• _To do_: Using the data below, set down every line from the one containing "Outdoor kitchen and" through the one containing "View of side", inclusive and unchanged. Pictures are to be skipped.

• _Data to process_:
"""
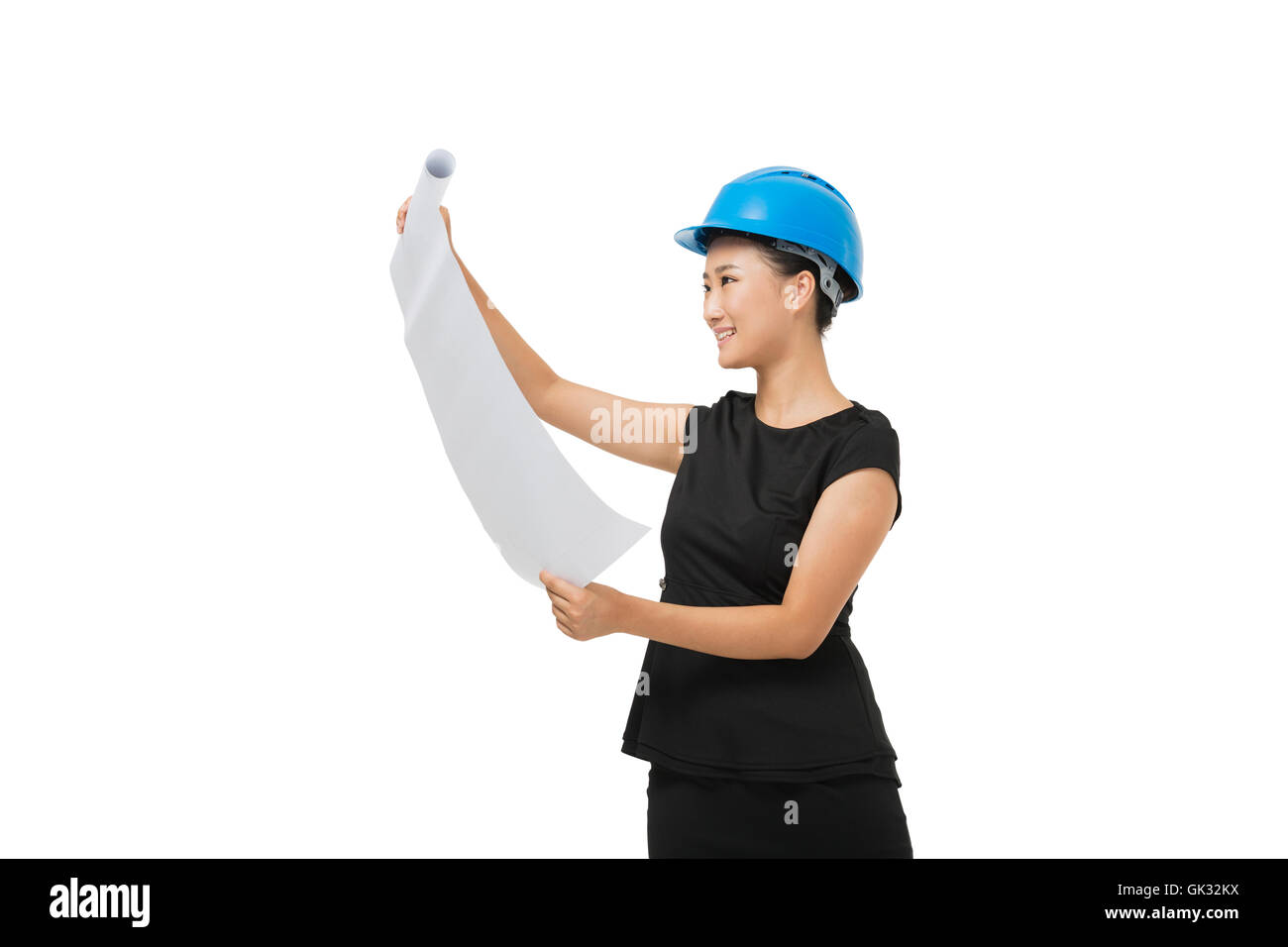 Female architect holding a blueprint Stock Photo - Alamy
"""
"""
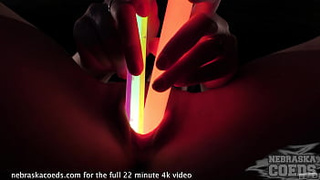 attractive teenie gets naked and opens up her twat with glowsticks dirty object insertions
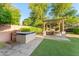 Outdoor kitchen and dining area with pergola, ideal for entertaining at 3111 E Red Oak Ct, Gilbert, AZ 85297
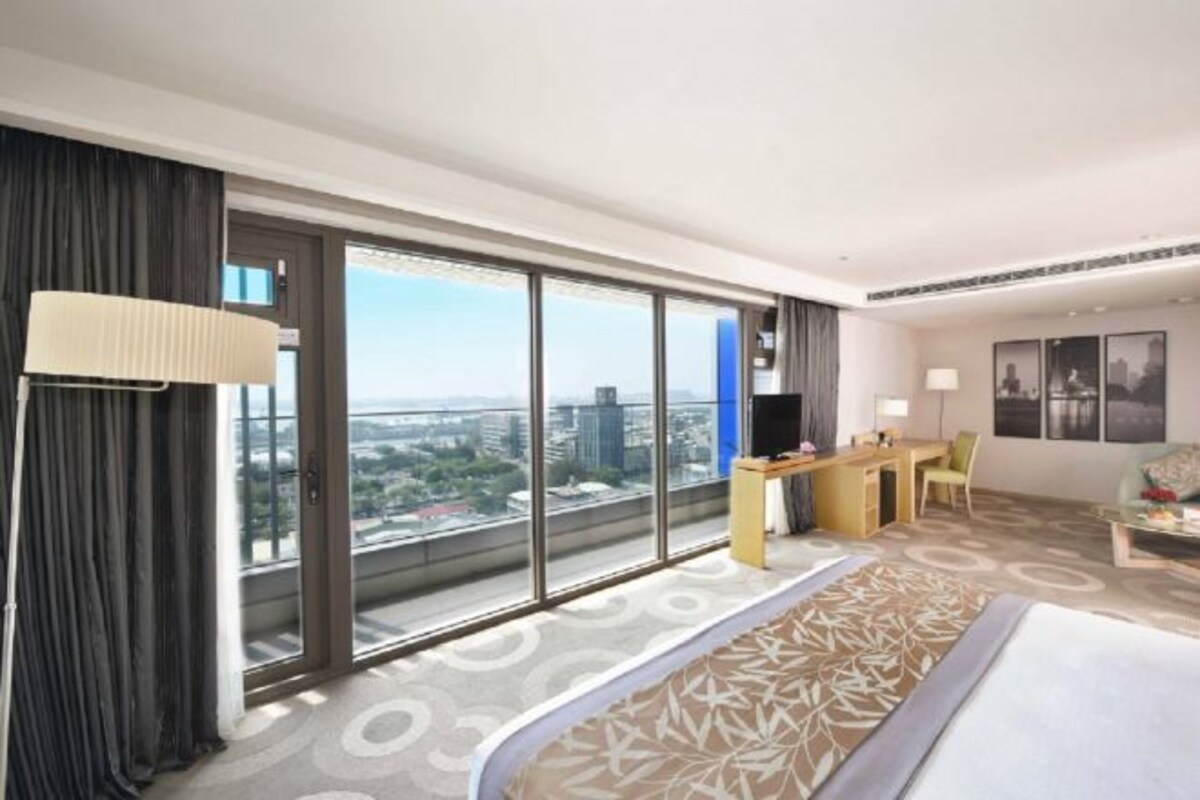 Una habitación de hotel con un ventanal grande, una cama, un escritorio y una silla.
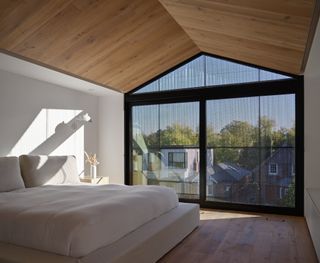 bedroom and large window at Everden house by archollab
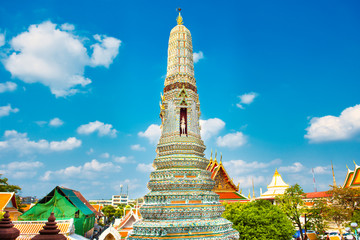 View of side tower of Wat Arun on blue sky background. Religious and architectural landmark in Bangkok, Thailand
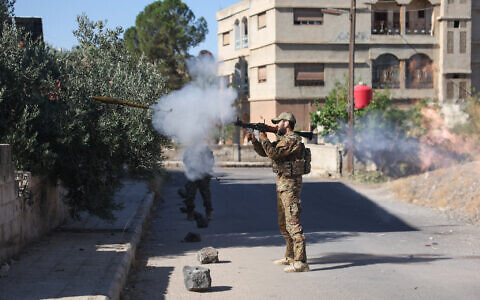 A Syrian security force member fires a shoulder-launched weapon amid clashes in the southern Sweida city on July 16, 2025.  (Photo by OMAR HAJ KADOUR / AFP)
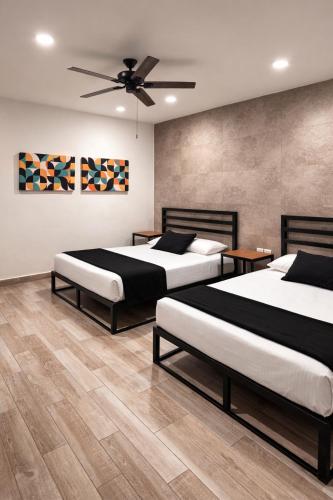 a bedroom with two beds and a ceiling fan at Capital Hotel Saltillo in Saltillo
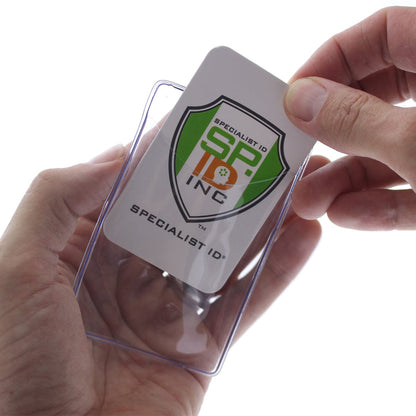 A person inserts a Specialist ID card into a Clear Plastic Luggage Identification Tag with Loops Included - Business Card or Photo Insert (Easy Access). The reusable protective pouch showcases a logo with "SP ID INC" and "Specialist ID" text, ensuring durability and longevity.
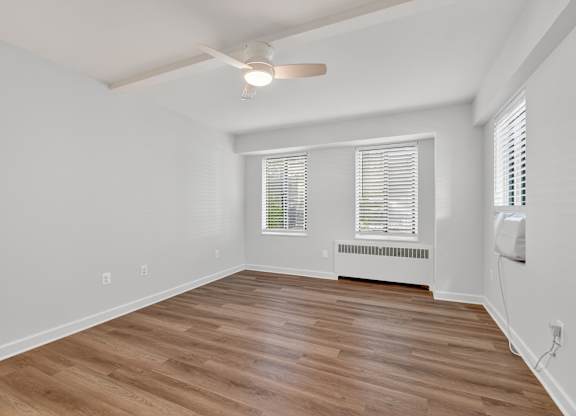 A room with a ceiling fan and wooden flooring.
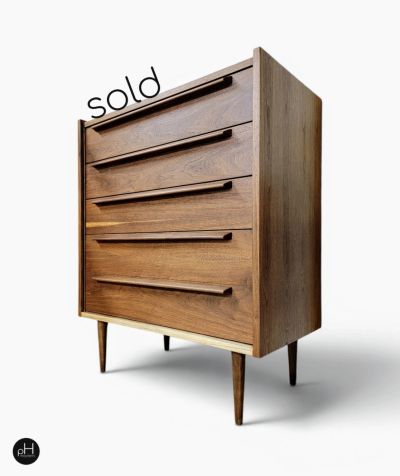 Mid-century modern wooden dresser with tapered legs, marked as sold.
"""
"""
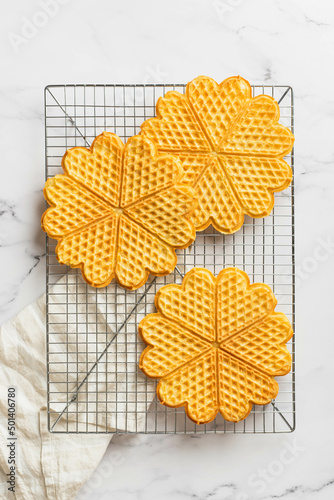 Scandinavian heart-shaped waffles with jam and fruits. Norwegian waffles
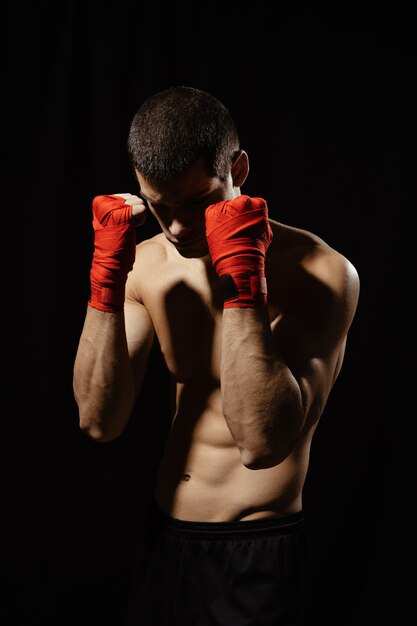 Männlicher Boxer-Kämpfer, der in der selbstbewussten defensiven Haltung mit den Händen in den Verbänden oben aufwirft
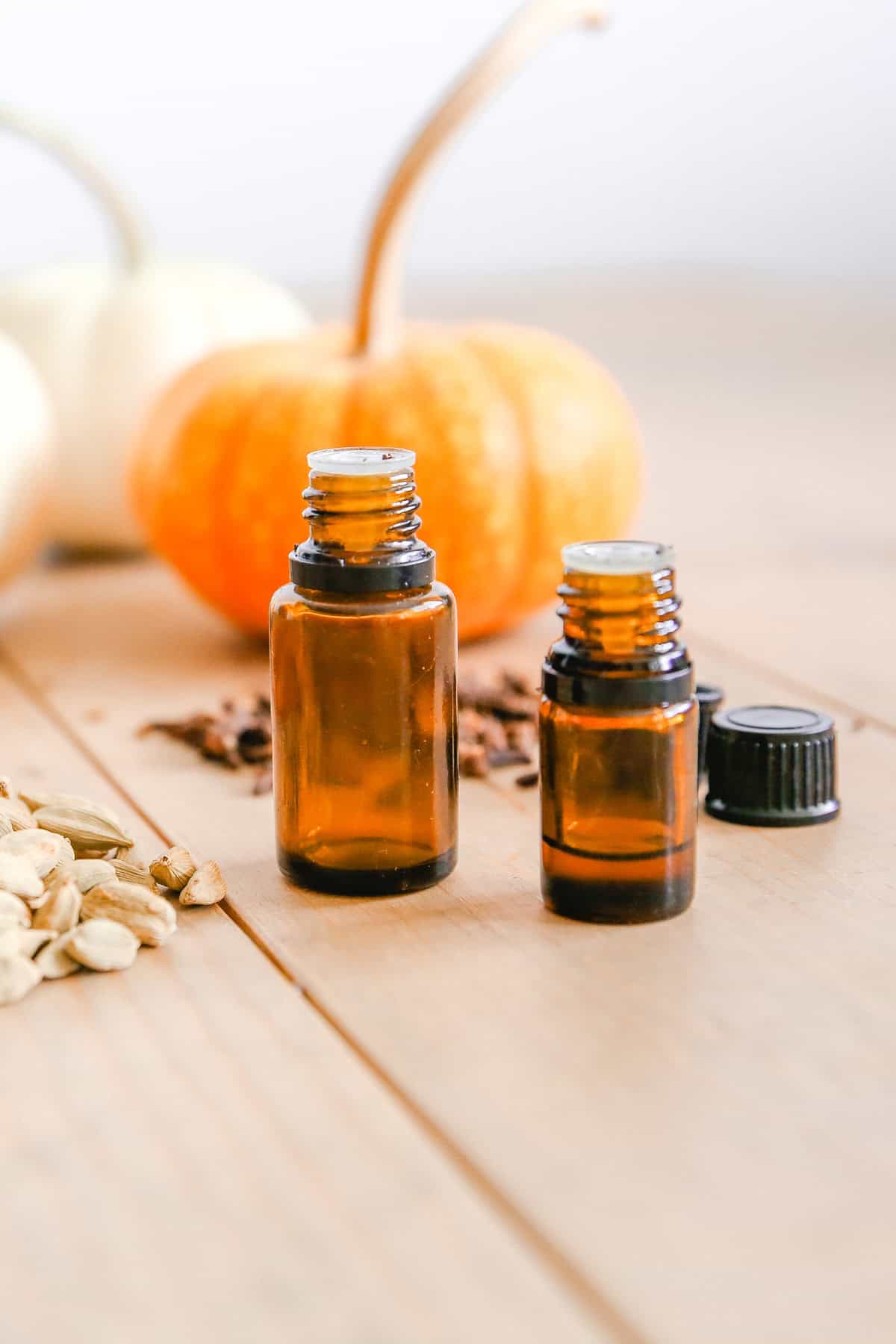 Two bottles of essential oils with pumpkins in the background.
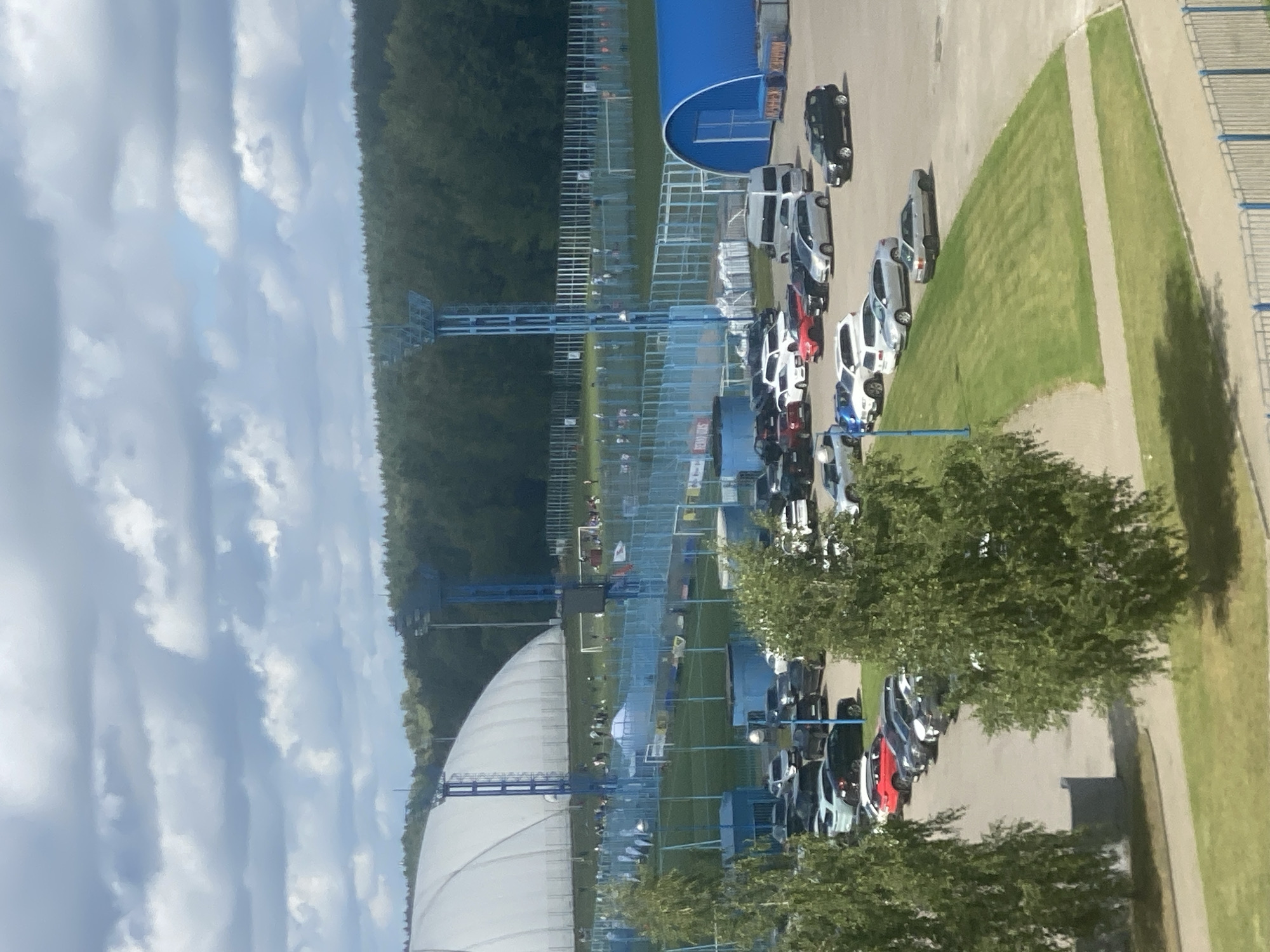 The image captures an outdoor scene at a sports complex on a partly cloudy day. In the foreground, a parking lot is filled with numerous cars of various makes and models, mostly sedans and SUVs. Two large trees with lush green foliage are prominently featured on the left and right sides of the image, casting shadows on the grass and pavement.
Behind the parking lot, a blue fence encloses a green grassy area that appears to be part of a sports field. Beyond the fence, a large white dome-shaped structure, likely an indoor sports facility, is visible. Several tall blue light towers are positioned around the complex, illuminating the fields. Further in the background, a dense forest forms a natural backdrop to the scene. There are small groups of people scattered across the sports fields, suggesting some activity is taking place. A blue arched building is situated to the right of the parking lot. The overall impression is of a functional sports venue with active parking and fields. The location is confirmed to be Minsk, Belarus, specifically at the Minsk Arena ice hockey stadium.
"""
• _Task answer_:
 Outdoor kitchen and dining area with pergola, ideal for entertaining at 3111 E Red Oak Ct, Gilbert, AZ 85297
 Una habitación de hotel con un ventanal grande, una cama, un escritorio y una silla.
 bedroom and large window at Everden house by archollab
 View of side tower of Wat Arun on blue sky background. Religious and architectural landmark in Bangkok, Thailand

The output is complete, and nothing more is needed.